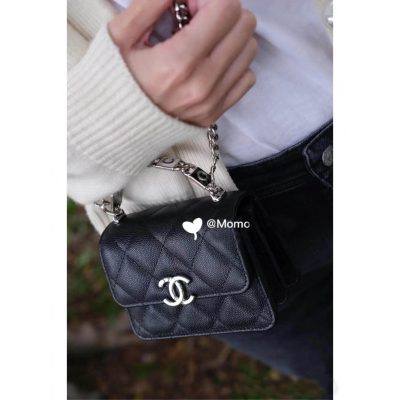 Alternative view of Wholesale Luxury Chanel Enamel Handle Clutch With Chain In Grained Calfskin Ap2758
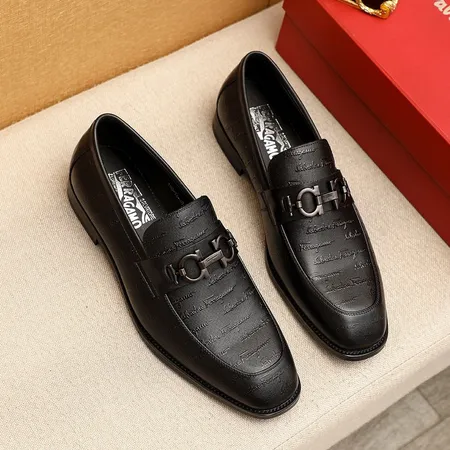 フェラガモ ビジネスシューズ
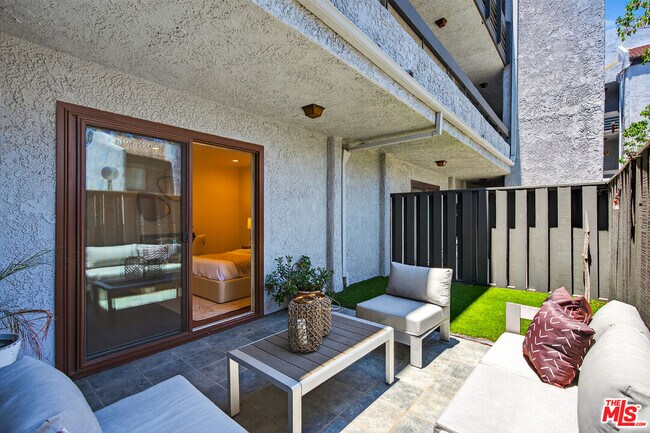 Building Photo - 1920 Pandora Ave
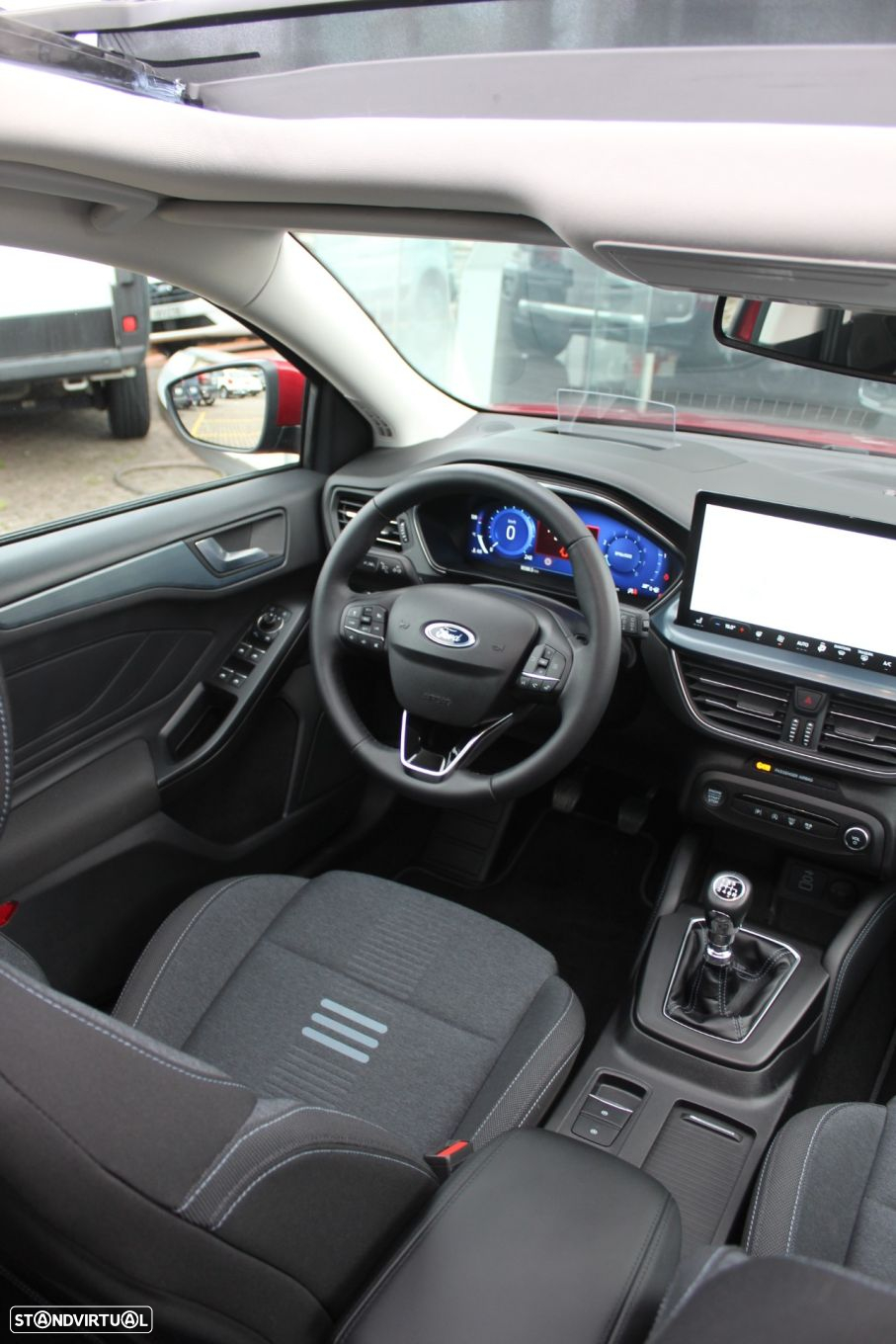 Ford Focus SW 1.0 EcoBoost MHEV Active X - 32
---
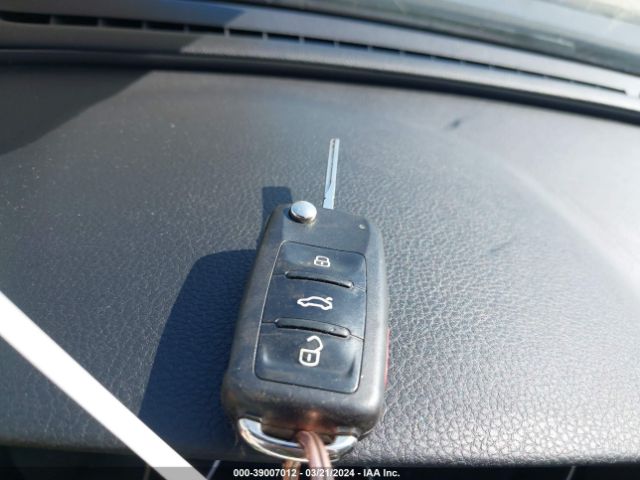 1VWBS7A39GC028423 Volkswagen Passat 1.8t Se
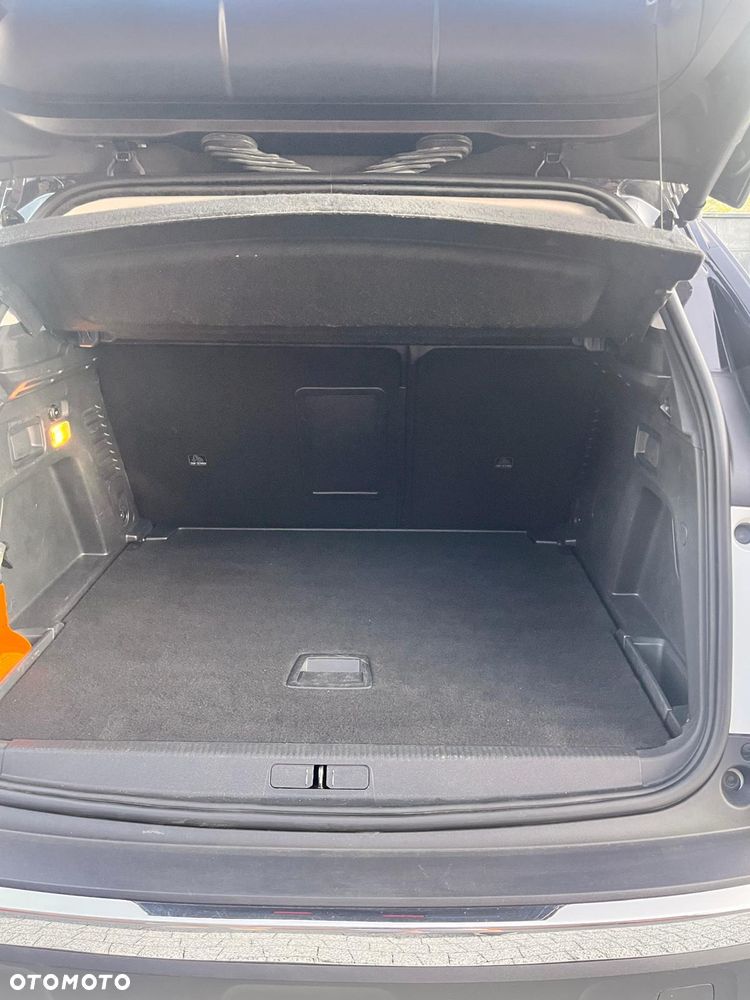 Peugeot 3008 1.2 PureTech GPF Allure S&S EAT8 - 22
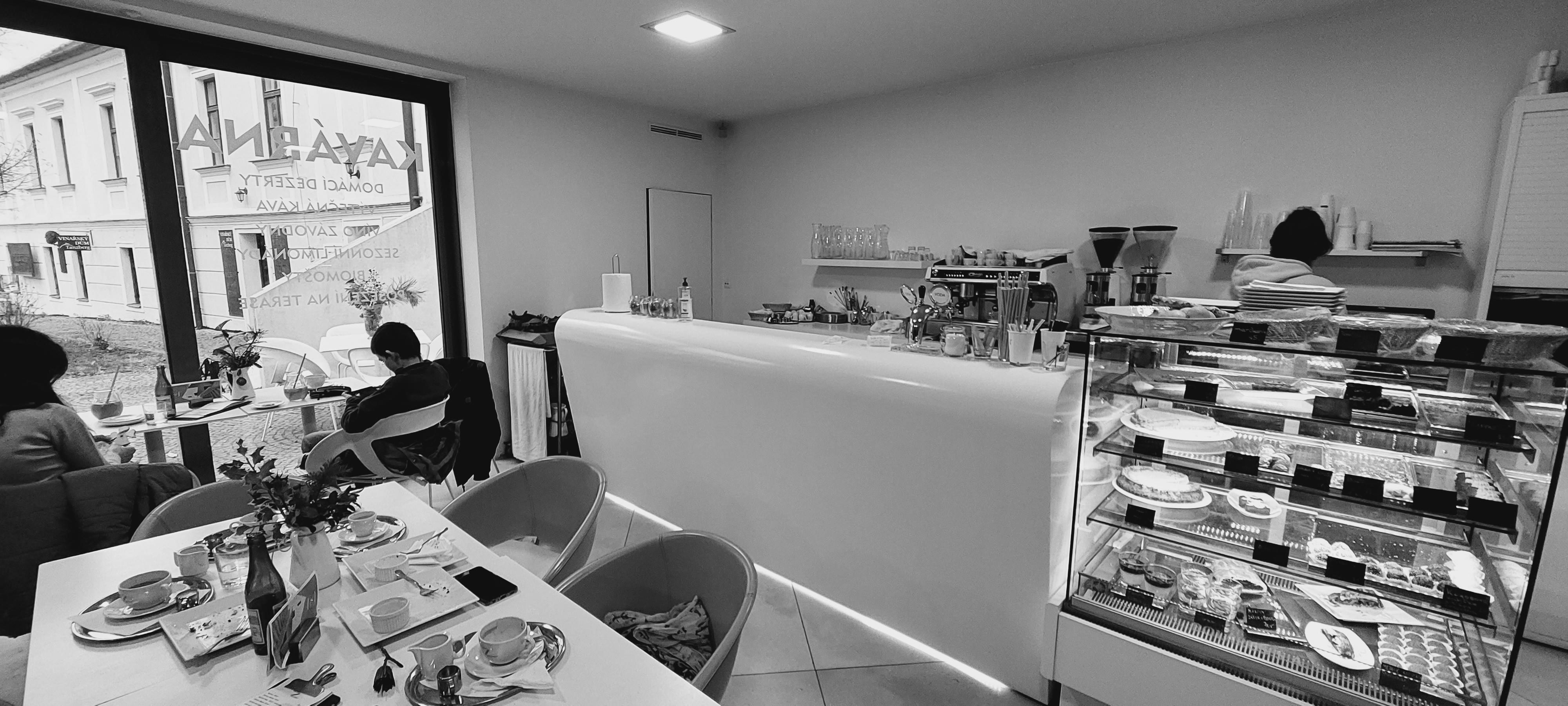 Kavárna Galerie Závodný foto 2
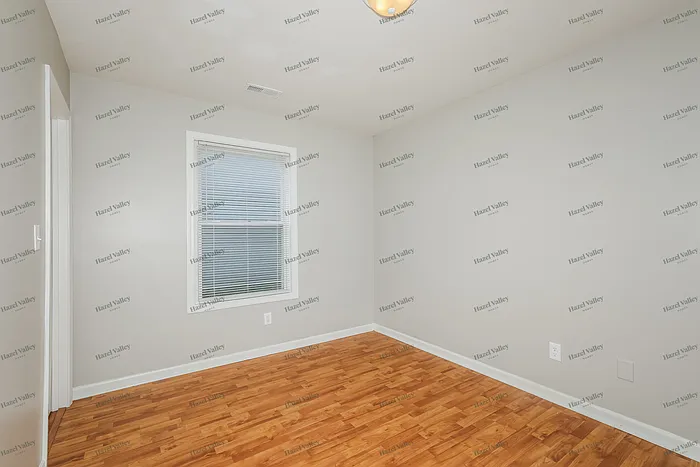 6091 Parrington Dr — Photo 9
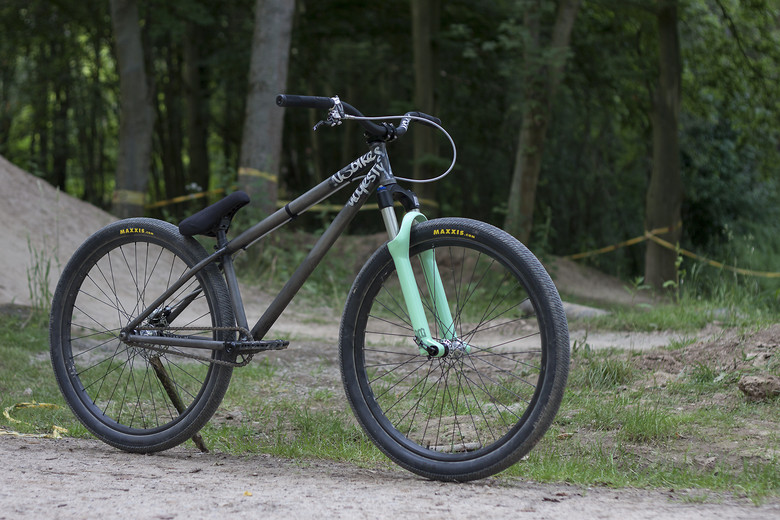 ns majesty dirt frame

» Action item: Starting at the line above that contains "Building Photo - 1920 Pandora Ave", transcribe every line exactly through the line that contains "Ford Focus SW", including that last one, and skip the pictures.

» Exercise result:
 Building Photo - 1920 Pandora Ave
 Ford Focus SW 1.0 EcoBoost MHEV Active X - 32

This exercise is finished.